Zum zweiten Male hatte Dollfuß gesiegt. Zum zweiten Male innerhalb weniger Monate hatte Dollfuß dieses Land, nunmehr durch seinen Tod, vor seinem Untergang gerettet. Denn auch diesmal ist die Rechnung der Feinde Österreichs nicht aufgegangen.
Dr. Dollfuß war ein niederösterreichisches Bauernkind und ist es in seinem Herzen stets geblieben. Der niederösterreichische, nicht frömmelnde, sondern tief und wahrhaft gläubige Sohn der Kirche, der an das wunderbare Geheimnis des Waltens einer bestimmenden Vorsehung glaubt, gleichzeitig aber auch im innersten die Tiefe der Mitwirkung bis zur Aufopferung an der Erfüllung einer Sendung erfaßt hat. Und so hat Dr. Dollfuß nicht nur um politische Unabhängigkeit und Freiheit unseres österreichischen Vaterlandes gekämpft, so hat Dr. Dollfuß nicht nur Schutzwälle aufgetürmt, um den wirtschaftlichen Bestand seines Heimatlandes in jeder Richtung zu sichern, sondern er hat auch um die Seele des österreichischen Volkes gekämpft! Er formte den österreichischen Menschen als Einzelwesen der österreichischen Nation! Mehr als 1000 Jahre Geschichte des österreichischen Imperiums erwachten in der Wiederzurückführung der österreichischen Verfassung auf die Grundsätze des christlichen Staates. Die österreichische Seele, die jahrelang fremdartigen Einflüssen ausgesetzt war, hat Engelbert Dollfuß davon befreit und österreichisches Staatsbewußtsein geweckt. Im Geist des Hl. Leopold wollte er ein neues Österreich schaffen. Was der Priester, Dr. Seipel, vorausahnte, wollte Engelbert Dollfuß, der Kämpfer, wahrmachen. Für Glaube und Vaterland, für soziale Tat und echte Demokratie –„
das war das Kampfprogramm Engelbert Dollfuß‘. Dafür trat er ein mit der ihm eigenen Energie und Konsequenz! In diesen Grundsätzen kannte er keine Kompromisse, keinerlei Konzessionen! Wenn es die Grundsätze ging, war Dollfuß unerbittlicher Kämpfer! Er scheute keine Not und Gefahr — ein unerschrockener Bekenner seiner Heimat wurde er zum Inbegriff des Freiheitskampfes seines Volkes, zum Freiheitskämpfer, der sich würdig seinen Vorfahren in Österreichs tausendjähriger Geschichte anreiht! Leistung, Kampf, Opfer und Sieg — das war der Lebenslauf des Heldenkanzlers.

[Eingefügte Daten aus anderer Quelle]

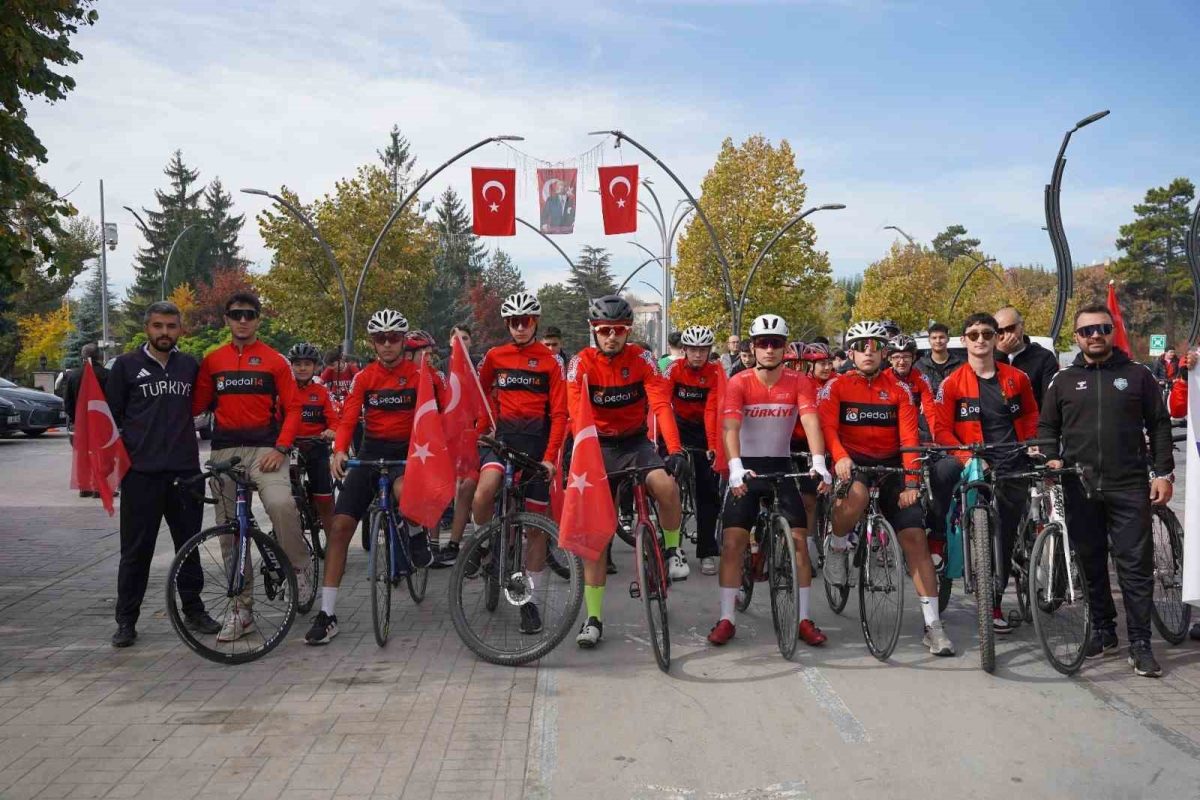 Bolu’da Cumhuriyet’in 103’üncü yılına özel bisiklet turu - Foto 2
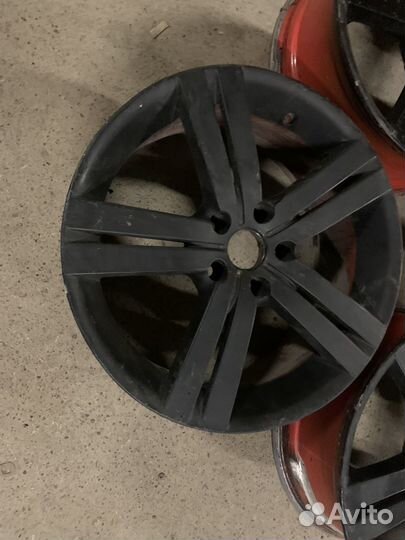 Литые диски R18 5x112 alessio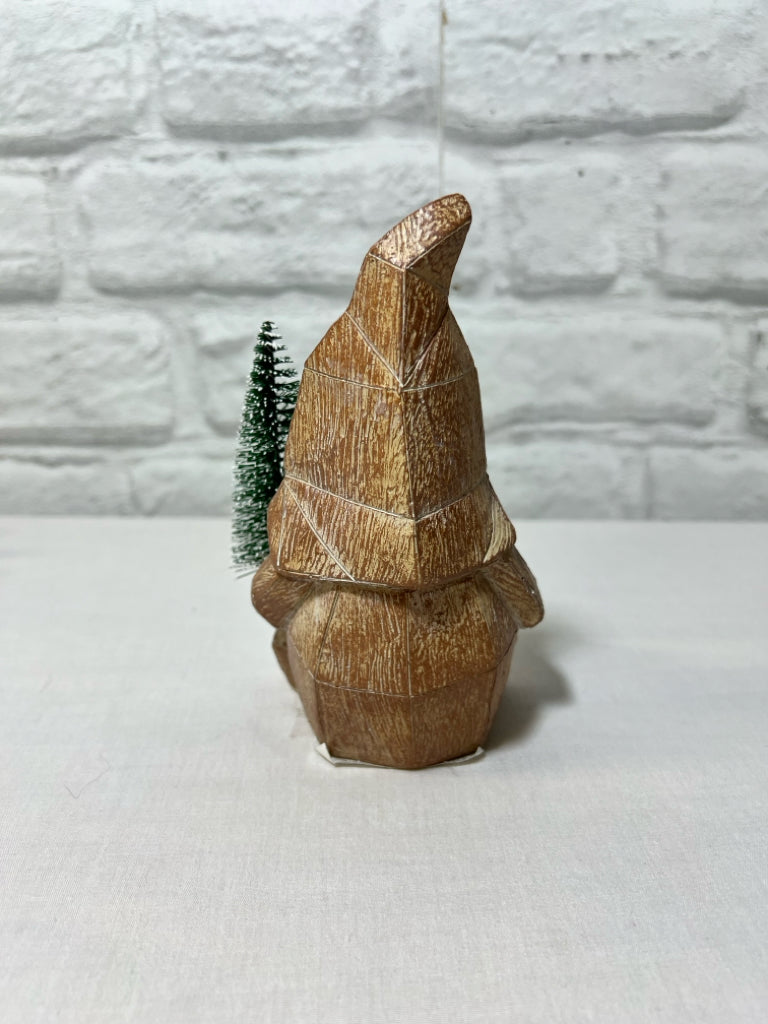 Faux wood carved gnome w/ bottlebrush tree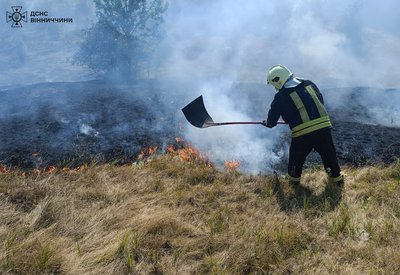 На Вінниччині сталися понад 40 пожеж за день На Вінниччині сталися понад 40 пожеж за день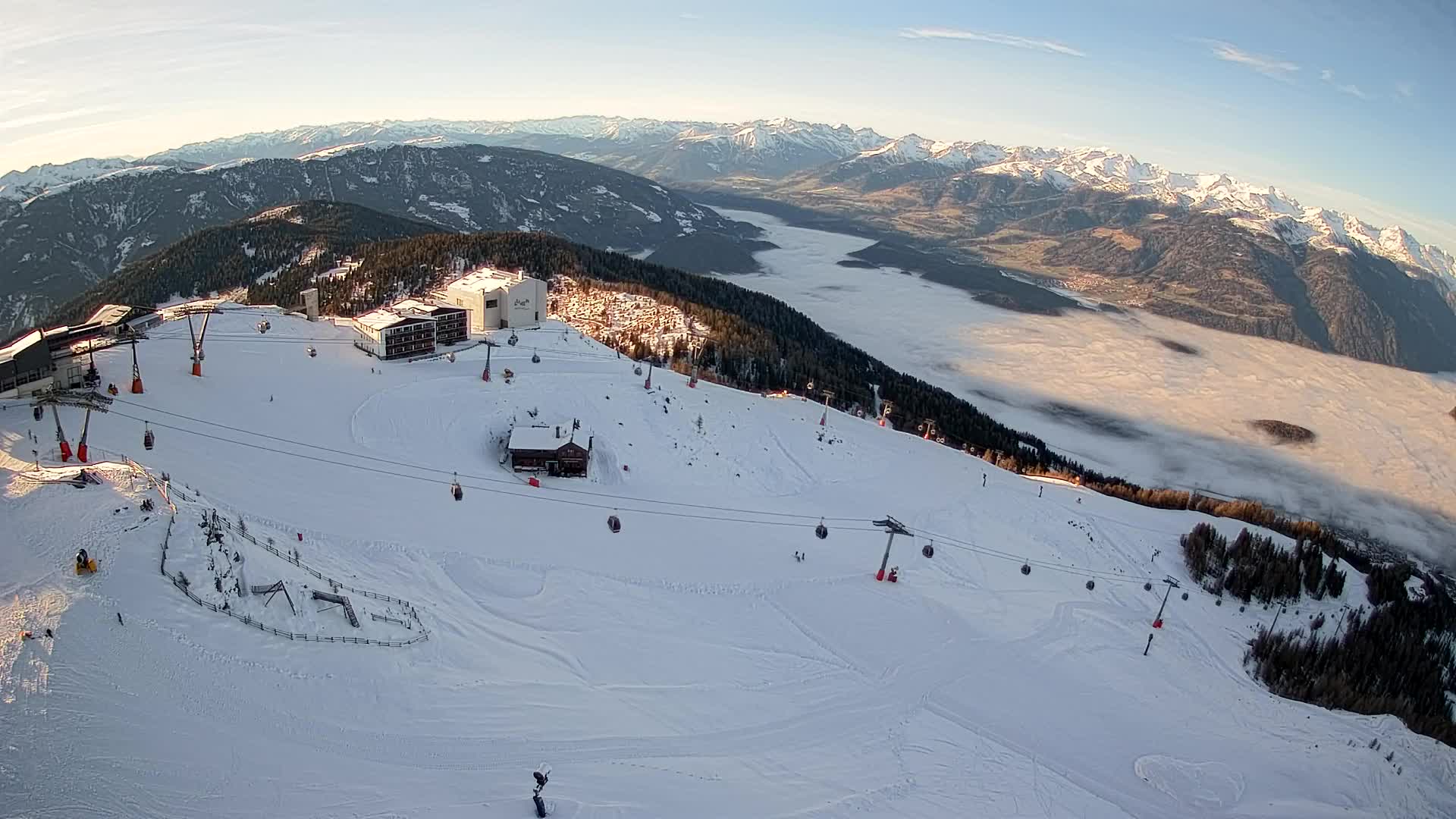 Stazione sciistica di Plan de Corones | vista su Brunico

Dollfuß war Fahne, Idee und Programm einer neuen Gesellschaftsordnung. Nicht allein für Österreich, sondern für die Welt. Er zeigte, von „Quadragesimo anno“ unterstützt, den Ausweg zwischen Kapitalismus und Kommunismus, den dritten Weg. So lebt, 20 Jahre nach seinem Tode, Engelbert Dollfuß noch unter uns! Man möge heute in gewissen Kreisen spötteln, in andern zu feig sein, sich seiner Ideen zu bedienen, die Zukunft wird auch Engelbert Dollfuß Recht geben, genau so wie sein nationaler Abwehrkampf seine geschichtliche Bestätigung in der Entwicklung nach seinem Tode erfahren hat. Für uns ist der 20. Todestag Dollfuß‘ nicht nur ein Tag des Gedenkens, sondern noch mehr Aufruf und Appell zu neuem Einsatz, zum Kampf für eine Gesellschaftsordnung, die das Gestern überwindet und über Kapitalismus und Marxismus hinweg zur lichten Höhe des christlichen […]
„Heldenkanzler“ … „Aus einem alten niederösterreichischen Bauerngeschlecht, über 300 Jahre bereits ist der Stammbaum seiner Familie in direkter Linie in Niederösterreich …“ Auch das aus „Der Freiheitskämpfer Nr. 7/8, Juli/August 1954“ der „ÖVP-Kameradschaft der politisch Verfolgten, Kuratorium und Landesverband Wien“. Leinkauf schreibt am 16. Juli 1954 an seine
Liebe Kameradin ,
lieber Kamerad !
Die ÖVP-Kameradschaft der politisch Verfolgten hält anlässlich des 20. Todestages unseres unvergesslichen Heldenkanzlers Dr. Engelberg Dollfuss am Samstag, den 24. Juli 1954 um 16.30 Uhr am Hietzinger Friedhof eine Gedenkstunde ab. Die Gedenkrede hält Herr Landesparteiobmann Nationalrat Fritz POLCAR. Am Sonntag, den 25. Juli 1954 wird um 10.00 Uhr in der Votikkirche zu Wien einer feierliche Gedächtnismesse zelebriert.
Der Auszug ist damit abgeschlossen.